Bajo un cielo extremadamente azul,
la brisa y el pasto seco con flores amarillas seguí descendiendo por el camino.
Conforme avanzaba, ya podía escuchar, a lo lejos en el ruido del viento, los sones
del arpa y violín junto al mugido del ganado y las voces que melodiosamente
entonaban:
“Vaquerita
donde estás que mis ojos no te ven,
será
la poca visión o será de tanto llorar.
Te
alejaste tú de mi despreciando mi querer
por eso mi corazón destrozado se hallará…”.
Y, al fin el encuentro, con la
cámara de video encendida me sumé a la comitiva en indescriptible sensación de
alegría y satisfacción por sentirme parte de la fiesta. Cantando y a paso de baile llegamos a Cangrareuco,
un breve descanso e iniciamos la subida a Shipita donde esperaban las
autoridades para la recepción y la acogedora pascana con el almuerzo. El temor a
que se repita lo de las otras veces, por ratos me abrumaba, pero seguía firme,
para mi sorpresa, sin el más mínimo rezago de malestar o cansancio, paso a paso
hasta zafar la cuesta y llegar.
Debajo del viejo eucalipto, junto a la
cruz lomera y toda la comitiva saboreamos el almuerzo, unos vasos de cerveza,
el baile con la vaquera y luego emprender la empinada subida a Cruz Grande, a
donde llegué, una vez más, sin ninguna dificultad. Junto al atardecer, el
canto, la alegría, y el brindis continuaba:
“…La
chichita es una bebida la cervecita mucho mejor,
cuando
se sube a la cabeza, hay mamacita te hace decir…”

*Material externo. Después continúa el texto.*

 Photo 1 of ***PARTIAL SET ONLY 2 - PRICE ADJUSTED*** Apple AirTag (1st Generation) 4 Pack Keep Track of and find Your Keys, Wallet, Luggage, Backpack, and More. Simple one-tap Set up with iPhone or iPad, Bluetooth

Así regresé al pueblo sin una señal de cansancio dispuesto a seguir los festejos en la velación. Por la noche, de vuelta al restaurant por un reparador caldo caliente, el primo Felucho preguntó cómo me había ido. Agradecido, respondí que muy bien sobre todo con la seguridad de que el “Abuelo” aceptó mi ofrenda y me permitió pasar. Sus palabras, cada vez que llego a Quipán, las tengo presente: “Recuerda primito, hay que agradecer siempre al Abuelo; él es muy bondadoso si le pides con voluntad, él escucha y cuida a quien es bueno.”